▸ **EXERCISE AIM**
Each record below must be reproduced exactly as it reads, with its images omitted.

++++++++++++++++++++

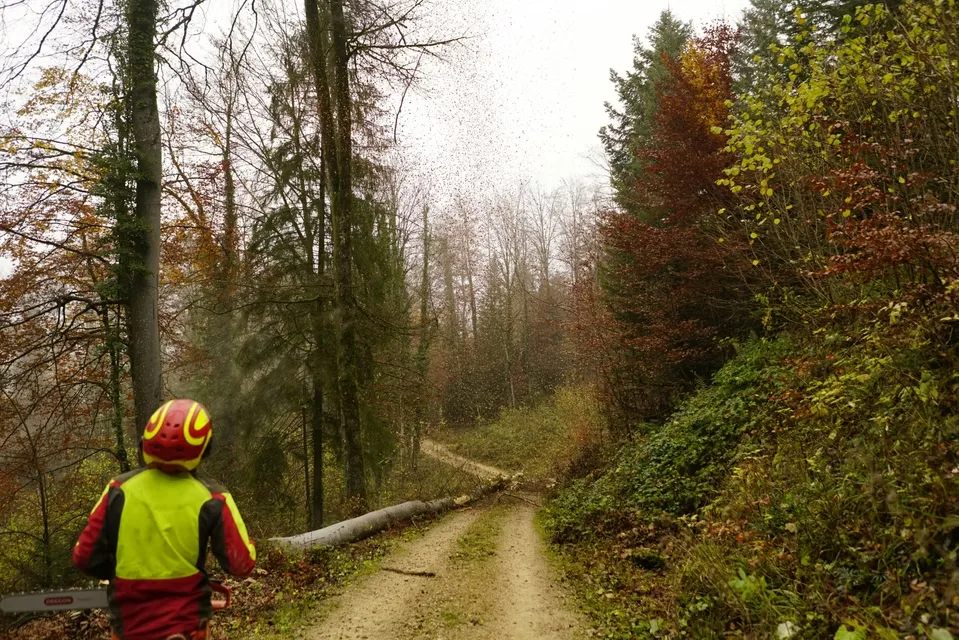 JT Tree Service gallery 6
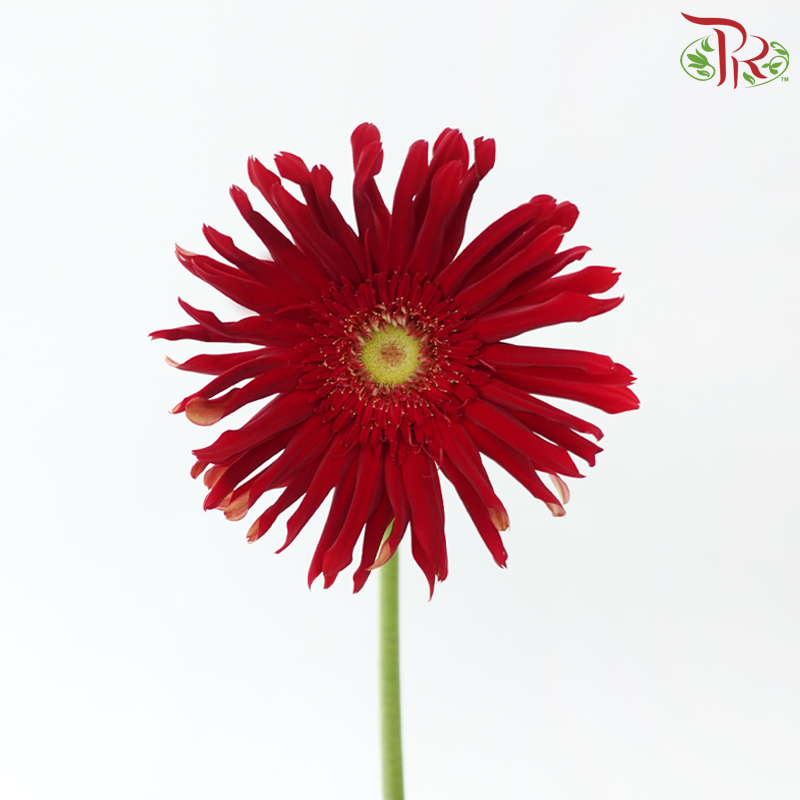 Gerbera Spider/ Pasta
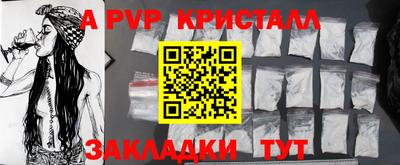 шишки Изобильный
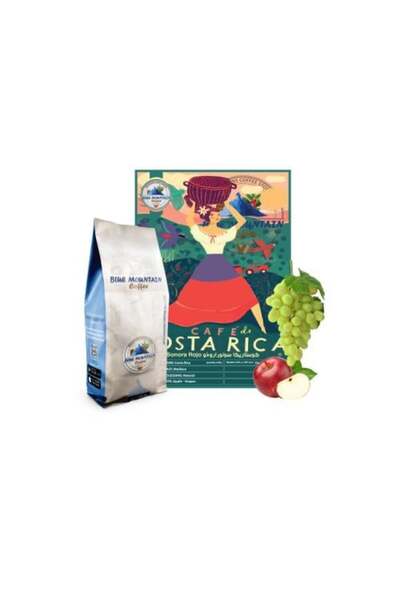 Blue mountain قهوة كوستاريكا سونورا روجو المحمصة - 1000 جرام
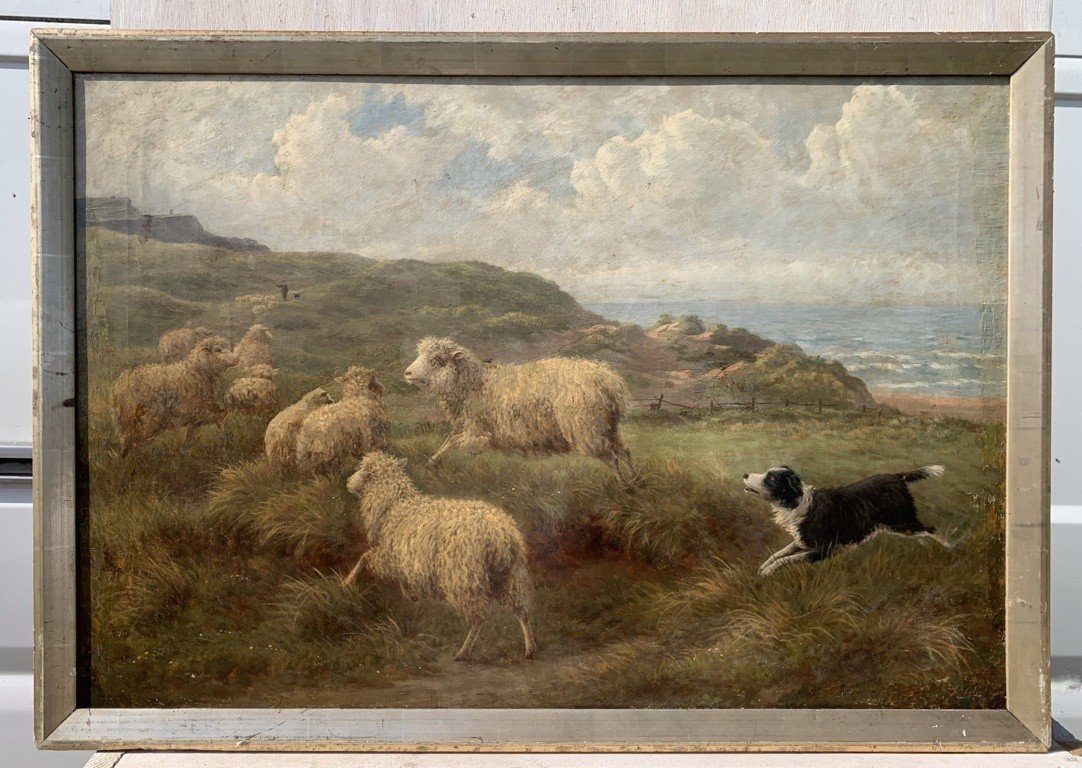 Charles H. Branscombe (britannique, 1858 - 1924) - Moutons Au Pâturage Et Chien Border Collie.-photo-2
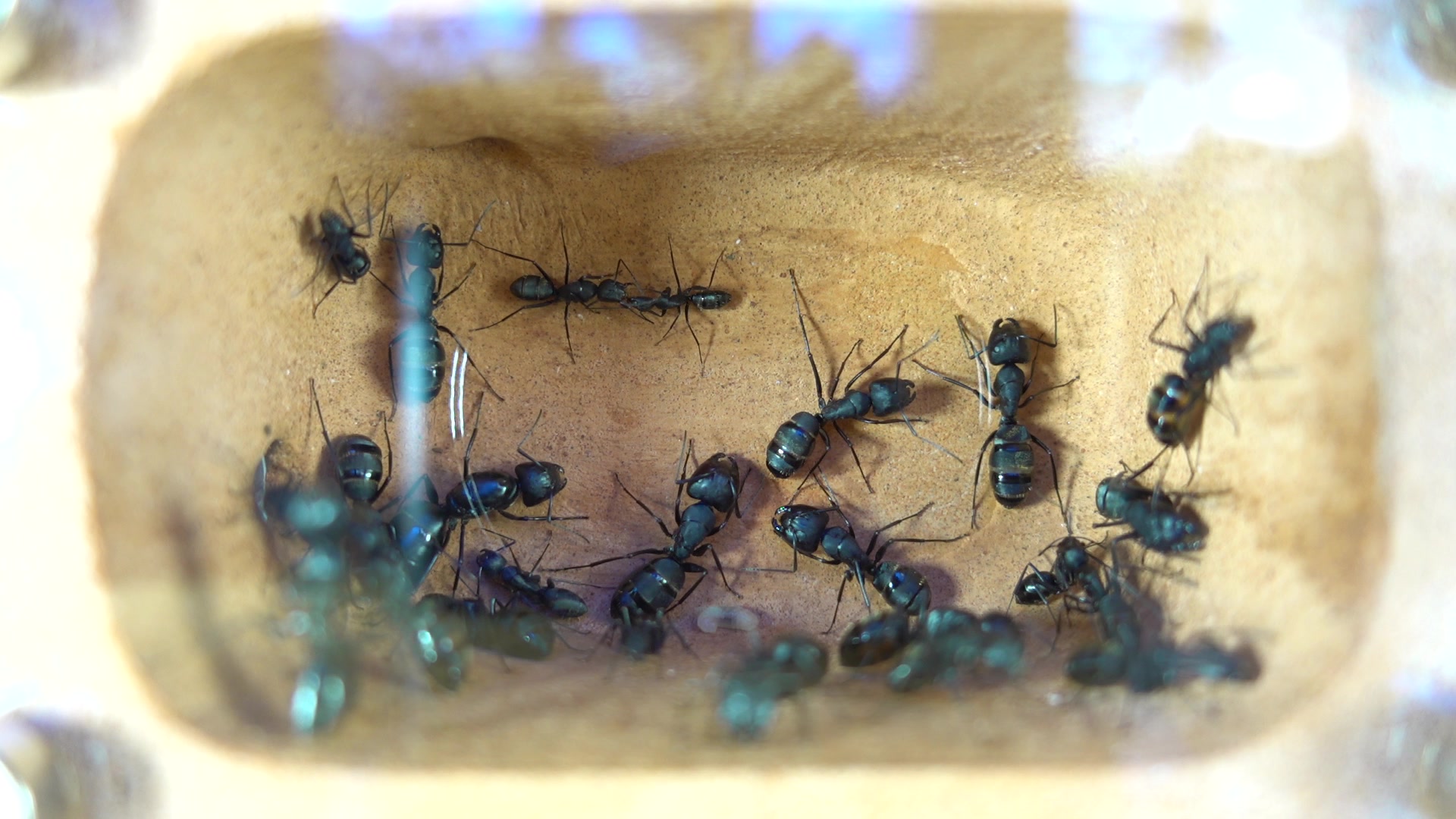 新人up主开始养蚂蚁了日本弓背蚁的日常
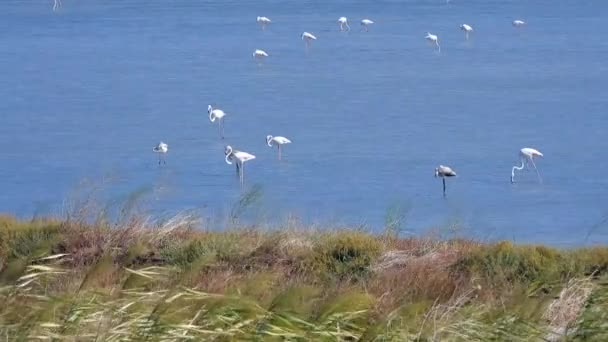 Flamencos Flamencos Vadeando Aves Zancudas Aves Playeras Animales Vida Silvestre — Vídeos de Stock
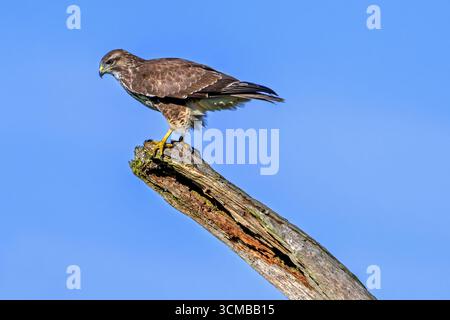 Buzzardo comune (Buteo buteo) arroccato sul tronco morto dell'albero contro il cielo blu Foto Stock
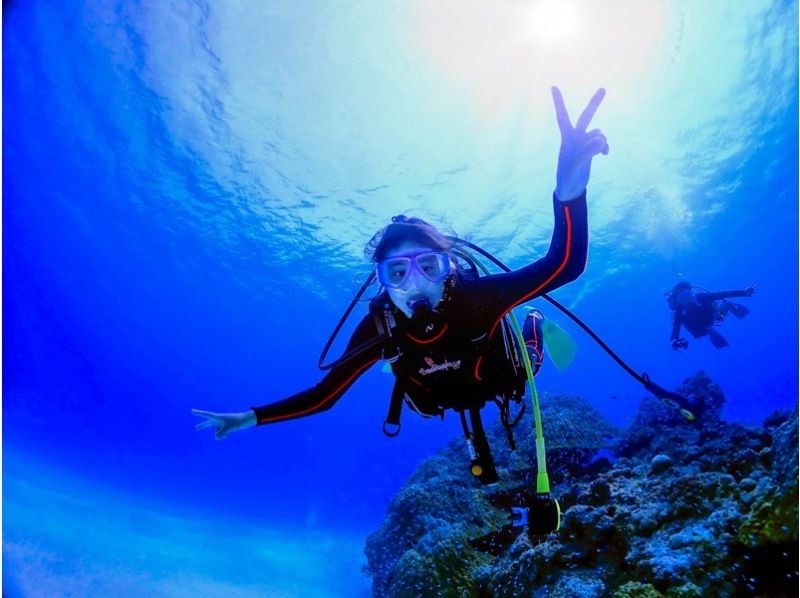 宮古島初學者潛水體驗之旅人氣排名及評論資訊！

++++++++++++++++++++

▸ **ANSWER SPACE**
 JT Tree Service gallery 6
 Gerbera Spider/ Pasta
 шишки Изобильный
 Blue mountain قهوة كوستاريكا سونورا روجو المحمصة - 1000 جرام
 Charles H. Branscombe (britannique, 1858 - 1924) - Moutons Au Pâturage Et Chien Border Collie.-photo-2
 新人up主开始养蚂蚁了日本弓背蚁的日常
 Flamencos Flamencos Vadeando Aves Zancudas Aves Playeras Animales Vida Silvestre — Vídeos de Stock
 Buzzardo comune (Buteo buteo) arroccato sul tronco morto dell'albero contro il cielo blu Foto Stock
 宮古島初學者潛水體驗之旅人氣排名及評論資訊！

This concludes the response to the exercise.